* [Your task]
Repeat the lines below exactly as written, please, from the line with "Сдам квартиру, Героев" to the line with "Toyota Yaris Yaris", both lines included, and no others.

* [Given data]

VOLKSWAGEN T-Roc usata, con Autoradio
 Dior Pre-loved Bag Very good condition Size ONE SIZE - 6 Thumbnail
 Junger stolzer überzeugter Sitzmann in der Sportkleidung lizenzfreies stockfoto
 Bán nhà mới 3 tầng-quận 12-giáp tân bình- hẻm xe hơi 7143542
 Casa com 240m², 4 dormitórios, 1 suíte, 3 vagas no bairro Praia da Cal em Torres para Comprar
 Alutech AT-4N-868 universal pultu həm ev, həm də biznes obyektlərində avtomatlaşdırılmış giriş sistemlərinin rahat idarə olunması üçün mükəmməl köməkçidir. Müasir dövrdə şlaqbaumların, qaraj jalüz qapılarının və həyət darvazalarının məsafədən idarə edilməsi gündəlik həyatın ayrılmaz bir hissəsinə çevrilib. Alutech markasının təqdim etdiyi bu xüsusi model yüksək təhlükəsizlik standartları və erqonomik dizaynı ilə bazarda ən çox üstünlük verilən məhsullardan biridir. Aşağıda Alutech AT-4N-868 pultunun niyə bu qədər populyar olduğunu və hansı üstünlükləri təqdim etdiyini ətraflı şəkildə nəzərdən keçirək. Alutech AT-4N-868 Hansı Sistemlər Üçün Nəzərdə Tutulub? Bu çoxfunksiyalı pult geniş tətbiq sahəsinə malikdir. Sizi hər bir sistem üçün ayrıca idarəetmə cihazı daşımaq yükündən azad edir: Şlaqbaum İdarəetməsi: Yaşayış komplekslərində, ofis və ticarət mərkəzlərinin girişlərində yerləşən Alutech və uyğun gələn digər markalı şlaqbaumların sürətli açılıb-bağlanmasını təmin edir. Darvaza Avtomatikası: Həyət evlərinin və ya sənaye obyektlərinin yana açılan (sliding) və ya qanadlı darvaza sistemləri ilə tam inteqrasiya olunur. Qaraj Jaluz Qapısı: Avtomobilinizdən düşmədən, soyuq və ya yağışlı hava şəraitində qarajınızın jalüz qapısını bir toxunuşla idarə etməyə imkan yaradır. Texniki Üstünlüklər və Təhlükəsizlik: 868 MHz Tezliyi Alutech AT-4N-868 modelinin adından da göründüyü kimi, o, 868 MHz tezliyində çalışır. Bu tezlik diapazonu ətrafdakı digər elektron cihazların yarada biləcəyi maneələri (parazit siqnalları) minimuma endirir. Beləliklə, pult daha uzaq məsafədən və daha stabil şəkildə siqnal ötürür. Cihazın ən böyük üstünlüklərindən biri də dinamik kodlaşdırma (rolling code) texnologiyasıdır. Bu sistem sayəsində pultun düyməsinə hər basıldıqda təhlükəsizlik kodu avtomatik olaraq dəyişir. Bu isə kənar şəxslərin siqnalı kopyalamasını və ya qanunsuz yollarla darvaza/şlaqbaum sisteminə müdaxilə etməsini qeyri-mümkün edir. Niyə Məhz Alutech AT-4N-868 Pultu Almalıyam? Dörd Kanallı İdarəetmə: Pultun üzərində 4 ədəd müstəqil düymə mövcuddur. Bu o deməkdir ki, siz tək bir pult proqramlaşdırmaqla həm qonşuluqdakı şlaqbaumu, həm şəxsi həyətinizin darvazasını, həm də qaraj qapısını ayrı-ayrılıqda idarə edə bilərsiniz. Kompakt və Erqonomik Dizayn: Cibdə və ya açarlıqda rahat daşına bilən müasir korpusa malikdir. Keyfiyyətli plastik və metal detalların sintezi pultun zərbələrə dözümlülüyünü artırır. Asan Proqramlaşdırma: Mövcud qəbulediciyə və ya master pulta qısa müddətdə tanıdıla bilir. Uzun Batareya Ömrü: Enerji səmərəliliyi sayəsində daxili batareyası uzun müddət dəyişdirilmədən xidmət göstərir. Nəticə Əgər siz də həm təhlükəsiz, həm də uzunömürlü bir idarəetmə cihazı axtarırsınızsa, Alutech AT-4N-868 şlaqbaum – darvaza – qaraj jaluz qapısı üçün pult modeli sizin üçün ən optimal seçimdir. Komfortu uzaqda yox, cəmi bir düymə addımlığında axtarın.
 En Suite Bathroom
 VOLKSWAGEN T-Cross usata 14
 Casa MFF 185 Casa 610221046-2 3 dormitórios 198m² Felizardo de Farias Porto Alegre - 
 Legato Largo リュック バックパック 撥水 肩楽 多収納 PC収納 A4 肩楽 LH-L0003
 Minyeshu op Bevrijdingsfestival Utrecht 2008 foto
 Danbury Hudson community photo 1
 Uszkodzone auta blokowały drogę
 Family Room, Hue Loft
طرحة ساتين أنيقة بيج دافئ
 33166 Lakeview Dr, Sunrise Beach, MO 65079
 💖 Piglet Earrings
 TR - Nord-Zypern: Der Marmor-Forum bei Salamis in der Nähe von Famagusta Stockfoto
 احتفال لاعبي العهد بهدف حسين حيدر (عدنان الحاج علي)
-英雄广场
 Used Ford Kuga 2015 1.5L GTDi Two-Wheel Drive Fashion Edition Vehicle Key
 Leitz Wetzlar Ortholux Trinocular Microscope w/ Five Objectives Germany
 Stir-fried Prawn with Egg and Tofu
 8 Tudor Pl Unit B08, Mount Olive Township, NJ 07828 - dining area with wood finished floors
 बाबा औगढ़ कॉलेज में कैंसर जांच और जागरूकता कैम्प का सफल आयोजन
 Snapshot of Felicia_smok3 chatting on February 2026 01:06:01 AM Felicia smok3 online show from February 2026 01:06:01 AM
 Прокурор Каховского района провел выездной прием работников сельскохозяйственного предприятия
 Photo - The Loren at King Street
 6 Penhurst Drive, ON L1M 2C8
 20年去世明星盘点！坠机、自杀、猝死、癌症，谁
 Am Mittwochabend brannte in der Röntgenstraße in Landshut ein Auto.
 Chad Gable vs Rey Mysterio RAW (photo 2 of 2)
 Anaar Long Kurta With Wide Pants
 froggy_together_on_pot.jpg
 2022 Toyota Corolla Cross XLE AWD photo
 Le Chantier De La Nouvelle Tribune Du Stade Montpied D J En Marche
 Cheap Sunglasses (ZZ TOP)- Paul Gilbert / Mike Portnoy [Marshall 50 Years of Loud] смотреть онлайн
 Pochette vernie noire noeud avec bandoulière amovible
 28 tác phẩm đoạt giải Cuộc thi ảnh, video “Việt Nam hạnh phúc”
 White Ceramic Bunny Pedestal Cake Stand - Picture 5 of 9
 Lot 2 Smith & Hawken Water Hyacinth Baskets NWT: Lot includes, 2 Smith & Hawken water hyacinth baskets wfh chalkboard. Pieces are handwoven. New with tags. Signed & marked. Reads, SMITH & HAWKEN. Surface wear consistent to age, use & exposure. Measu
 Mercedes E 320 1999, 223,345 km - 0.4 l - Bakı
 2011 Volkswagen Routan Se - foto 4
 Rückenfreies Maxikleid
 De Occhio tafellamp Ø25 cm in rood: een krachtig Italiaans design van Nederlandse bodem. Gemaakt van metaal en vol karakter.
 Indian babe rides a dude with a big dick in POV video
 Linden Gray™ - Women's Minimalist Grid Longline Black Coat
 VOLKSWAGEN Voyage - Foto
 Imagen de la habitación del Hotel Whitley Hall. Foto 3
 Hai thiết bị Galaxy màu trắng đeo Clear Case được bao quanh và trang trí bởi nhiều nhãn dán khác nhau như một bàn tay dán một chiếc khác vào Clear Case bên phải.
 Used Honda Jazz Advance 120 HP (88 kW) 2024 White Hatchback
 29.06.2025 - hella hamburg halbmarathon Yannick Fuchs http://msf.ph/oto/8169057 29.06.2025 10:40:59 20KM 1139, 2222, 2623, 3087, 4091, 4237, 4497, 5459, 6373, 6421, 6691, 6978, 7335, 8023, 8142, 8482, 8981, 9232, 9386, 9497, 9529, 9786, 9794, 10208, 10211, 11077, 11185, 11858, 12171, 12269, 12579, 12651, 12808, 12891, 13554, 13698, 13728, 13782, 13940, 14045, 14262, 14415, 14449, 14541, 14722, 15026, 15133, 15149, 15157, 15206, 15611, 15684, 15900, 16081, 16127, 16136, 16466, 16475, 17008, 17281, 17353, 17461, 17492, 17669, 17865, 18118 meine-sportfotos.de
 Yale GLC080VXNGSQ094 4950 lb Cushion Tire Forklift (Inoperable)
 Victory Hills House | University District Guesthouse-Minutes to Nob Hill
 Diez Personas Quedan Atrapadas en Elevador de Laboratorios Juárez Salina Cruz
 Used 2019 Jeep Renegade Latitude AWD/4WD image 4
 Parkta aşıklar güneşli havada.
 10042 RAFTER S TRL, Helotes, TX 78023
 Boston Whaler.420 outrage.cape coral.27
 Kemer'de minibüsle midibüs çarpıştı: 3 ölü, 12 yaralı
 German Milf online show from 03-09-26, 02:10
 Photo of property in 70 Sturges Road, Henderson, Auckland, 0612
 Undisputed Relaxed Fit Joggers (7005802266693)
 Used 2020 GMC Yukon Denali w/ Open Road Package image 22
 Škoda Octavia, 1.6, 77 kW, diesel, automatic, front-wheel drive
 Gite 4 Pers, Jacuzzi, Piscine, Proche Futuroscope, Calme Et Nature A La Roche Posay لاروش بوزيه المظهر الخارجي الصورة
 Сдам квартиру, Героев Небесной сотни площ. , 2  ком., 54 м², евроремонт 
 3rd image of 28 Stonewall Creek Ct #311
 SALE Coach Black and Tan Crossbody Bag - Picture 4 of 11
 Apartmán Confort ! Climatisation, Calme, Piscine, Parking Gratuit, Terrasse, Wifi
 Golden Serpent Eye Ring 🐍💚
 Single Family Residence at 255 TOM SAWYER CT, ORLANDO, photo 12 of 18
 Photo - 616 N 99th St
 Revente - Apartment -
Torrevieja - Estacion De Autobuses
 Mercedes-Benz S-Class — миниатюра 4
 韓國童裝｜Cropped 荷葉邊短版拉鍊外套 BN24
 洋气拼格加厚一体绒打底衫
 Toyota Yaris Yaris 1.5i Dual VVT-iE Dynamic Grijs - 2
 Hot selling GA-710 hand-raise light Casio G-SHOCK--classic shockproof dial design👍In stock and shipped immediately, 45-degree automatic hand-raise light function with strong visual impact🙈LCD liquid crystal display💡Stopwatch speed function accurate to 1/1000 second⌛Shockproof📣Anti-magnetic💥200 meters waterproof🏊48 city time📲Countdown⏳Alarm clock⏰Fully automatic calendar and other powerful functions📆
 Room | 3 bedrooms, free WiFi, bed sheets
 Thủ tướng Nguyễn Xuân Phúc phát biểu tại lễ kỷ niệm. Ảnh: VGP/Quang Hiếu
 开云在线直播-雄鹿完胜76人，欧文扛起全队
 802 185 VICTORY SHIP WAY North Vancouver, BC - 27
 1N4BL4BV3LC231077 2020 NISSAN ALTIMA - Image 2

* [The completed task]
 Сдам квартиру, Героев Небесной сотни площ. , 2  ком., 54 м², евроремонт 
 3rd image of 28 Stonewall Creek Ct #311
 SALE Coach Black and Tan Crossbody Bag - Picture 4 of 11
 Apartmán Confort ! Climatisation, Calme, Piscine, Parking Gratuit, Terrasse, Wifi
 Golden Serpent Eye Ring 🐍💚
 Single Family Residence at 255 TOM SAWYER CT, ORLANDO, photo 12 of 18
 Photo - 616 N 99th St
 Revente - Apartment -
Torrevieja - Estacion De Autobuses
 Mercedes-Benz S-Class — миниатюра 4
 韓國童裝｜Cropped 荷葉邊短版拉鍊外套 BN24
 洋气拼格加厚一体绒打底衫
 Toyota Yaris Yaris 1.5i Dual VVT-iE Dynamic Grijs - 2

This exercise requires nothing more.